MAXWELL:  Olympic torch brings a chance for hospitality

7/16/1995– Printed in the PERSPECTIVE section of the St Petersburg Times Newspaper


Even as the so-called New South prepares to represent the United States of America in front of the world as host of the 1996 Summer Olympics, some of its old intolerances _ homophobia, jingoism, racism _ are rising to the surface.

The Olympic volleyball competition, for example, was moved out of one Georgia county after law makers there passed an anti-gay ordinance. Then, another county refused to be the host for Somali athletes because a mob dragged the body of an American soldier through Mogadishu during our failed peacekeeping effort there.

From all indications, the New South is nothing more than a pastel version of its old Gothic self. It still is a tinderbox of contradiction, a place where _ sings Louisiana native Hank Williams Jr._ “We say grace and we say “ma’am. If you ain’t into that, we don’t give a damn.”

Williams portrays Dixie as being religious and mannerly. And a recent survey conducted by the University of North Carolina’s Institute for Research in Social Science supports this portrayal. The survey shows that Southerners, more so than other Americans, instruct their children to address adults as “ma’am” and “sir” and that more Southerners attend church and read the Bible.

But while Southerners can be nice and religious, they will not hesitate, as Williams’ lyrics also suggest, to show outsiders their behinds. This attitude is reflected, for instance, on the bumper sticker _ “We don’t care how y’all did it up North” _ warning expatriated Yankees to stop trying to change how things are done below the Mason-Dixon line.

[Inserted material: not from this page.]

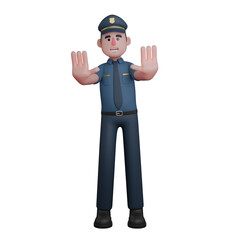 Male Police in 3D Professional Law. A police officer is raising both hands with palms facing forward, as if signaling to stop. Cartoon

Why are Southerners so defensive, and why do they seem to have an attitude? No single person has all the answers. But folklorist and historian Allan M. Trout has discovered a major clue in what he calls the South’s “irrepressible cussedness,” a perversity and stubbornness that define the region’s esprit.

“A streak of inherent cussedness keeps most men from acknowledging defeat,” Trout writes. “The combination of adverse circumstances at last reaches the point where the only thing left to do is to grin and bear it. At the moment an overburdened man grins he invariably says something that contains a trace of wisdom and truth.”

African-American writer Zora Neale Hurston, a Southerner, also grasps the puzzling nature of this cussedness, this unique _ although not necessarily good _ wisdom and truth that provide the context for relationships.

One of her characters is especially memorable because he is cussedness personified: “And all the time, there was High John de Conquer playing his tricks of making a way out of no-way. Hitting a straight lick with a crooked stick. Winning the jackpot with no other stake but a laugh. Fighting a mighty battle without outside-showing force, and winning his war from within.”

Folklorists, sociologists and others struggle to make meaning of the New South. Unless they spend serious time with rednecks _ those pork-eating, beer-guzzling, working-class white men who embody the contradictory traits the world associates with the South _ these academics will never understand this region that H. L. Mencken dismissed as “The Sahara of the Bozart.”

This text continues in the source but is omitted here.